I agree many good things can come from limits, just look at what can be created with only three colors; Cyan, Magenta, and Yellow. You cannot get diamonds without a lot of pressure.


----------



## candid petunia (Jul 5, 2012)

*MOD NOTE:* A reminder once again to keep the discussion on-topic and focus on the piece posted here.

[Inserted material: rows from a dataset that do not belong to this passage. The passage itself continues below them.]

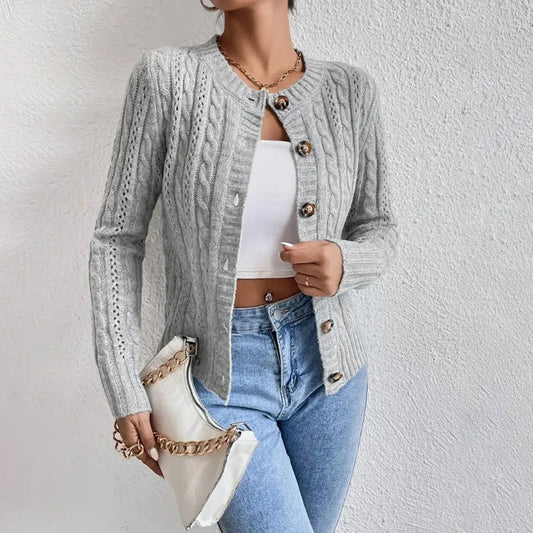 Cardigan à boutons en maille torsadée douillet pour femmes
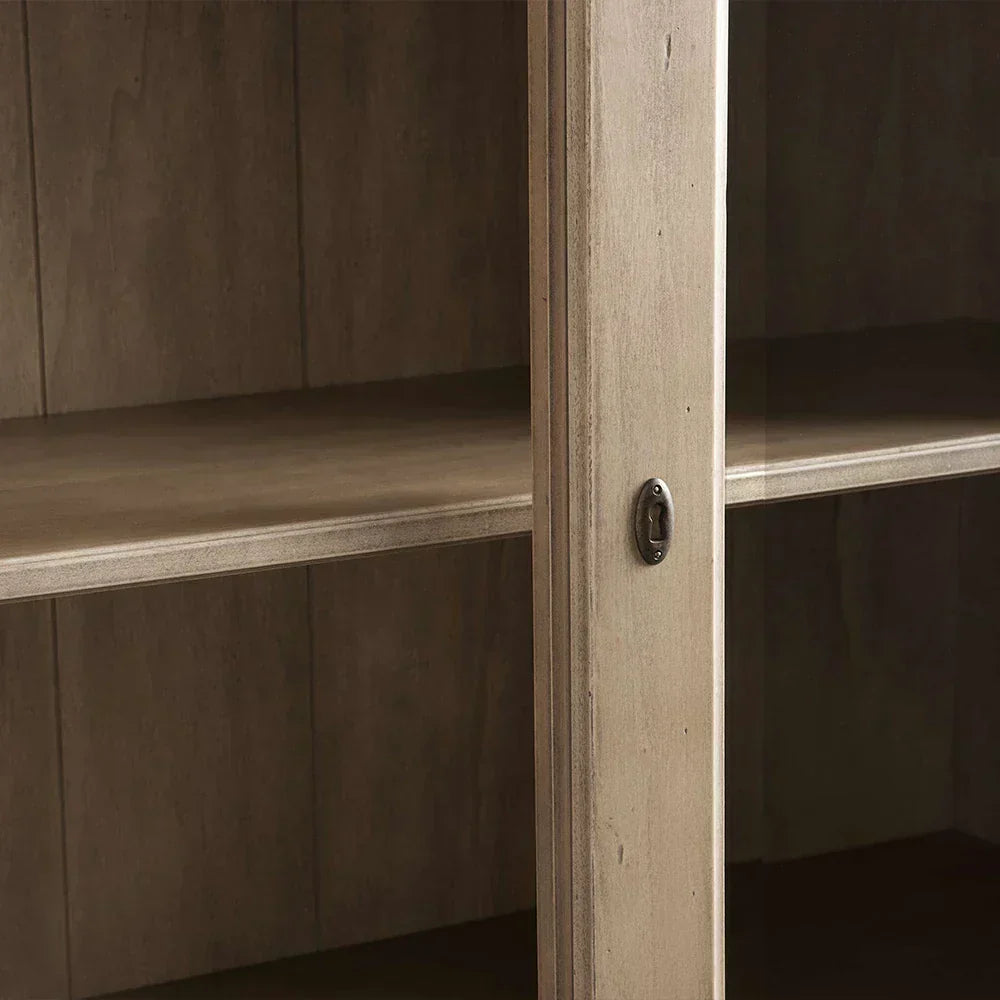 Tuscany Italian Crafted Wood Display Storage Cabinet With Glass Door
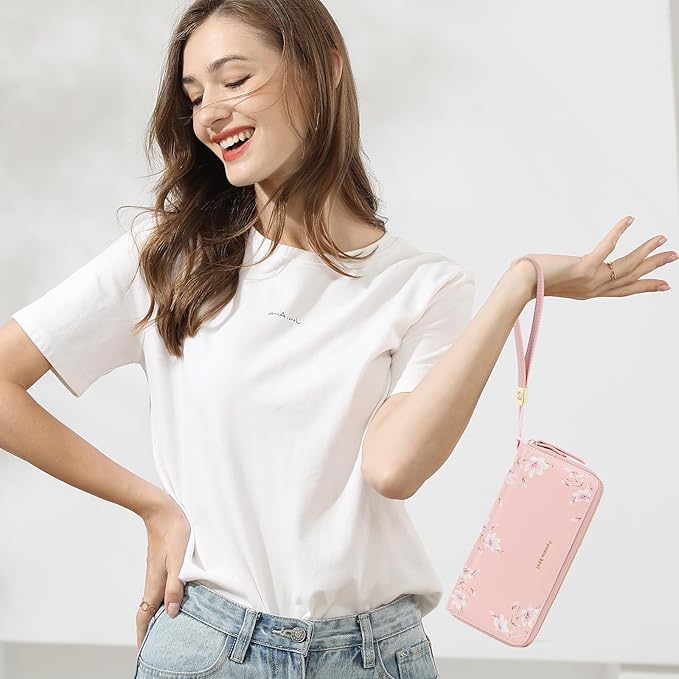 Pomelo Best Womens Wallet RFID Blocking Leather Multi Credit Card Large Capacity Wristlet Zip Around Long Wallets for Lady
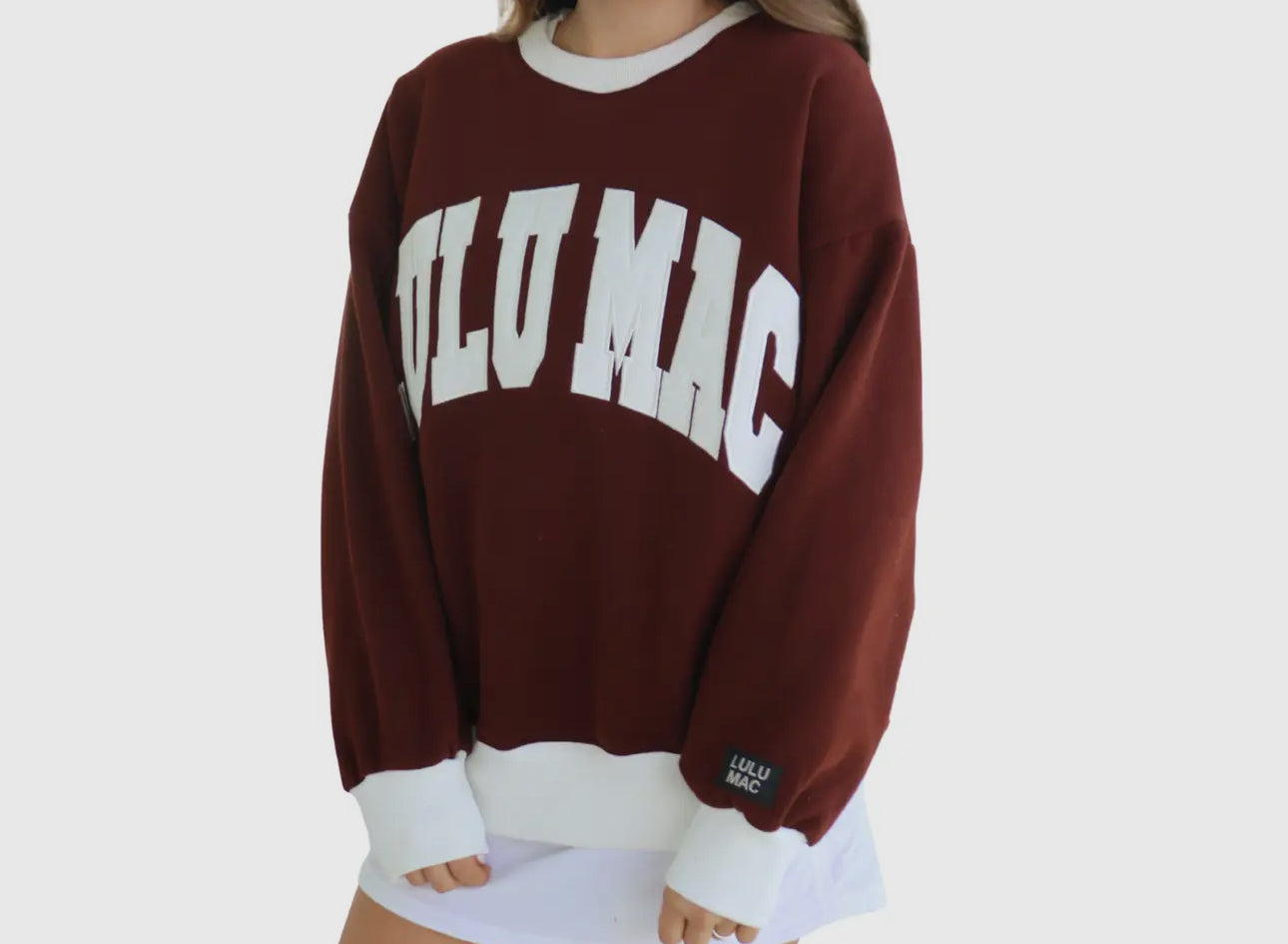 Lulu Mac Maroon & White Crewneck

As Lisa has already said, if you would still like to continue discussing the structure of haiku, you may do so in the Poetry Discussion sub-forum.


----------



## aj47 (Jul 23, 2012)

I really enjoyed reading this.


----------



## Arcopitcairn (Jul 30, 2012)

"Traditions are good
Some things should remain unchanged
Poetry and tea"

I like the topic starter poem, and I very much like this one too.


----------



## rokerman (Nov 10, 2012)

5-7-5 can be interesting
I like this haiku even though it does not follow the traditional rules


----------



## S.M. grimbldoo (Nov 10, 2012)

rokerman said:


> 5-7-5 can be interesting
> I like this haiku even though it does not follow the traditional rules


This is a traditional Haiku; 5-7-5

Del-i-cate tea-cup
Su-gar, cream in pe-koe tea
And, of course, a fly


----------



## rokerman (Nov 10, 2012)

S.M. grimbldoo said:


> This is a traditional Haiku; 5-7-5
> 
> Del-i-cate tea-cup
> Su-gar, cream in pe-koe tea
> And, of course, a fly



Traditional Haikus refer to to a season, with a kire and a kigo.
Clearly this has none of these


----------



## S.M. grimbldoo (Nov 10, 2012)

rokerman said:


> Traditional Haikus refer to to a season, with a kire and a kigo.
> Clearly this has none of these


Oh, I personally have not seen to many of those. Most of the haikus that I have seen around don't really follow the traditional format, even the ones in school books. 
I need to read poetry more often and diversely.


----------



## rokerman (Nov 11, 2012)

When I am allowed to post my own work, I will submit a traditional Haiku


----------



## Dylan_9711 (Mar 28, 2013)

Ha. Made me laugh. How many times I have found a nat in my tea is rediculous.


----------



## sore (Mar 28, 2013)

awh this is cute c: i like it.


----------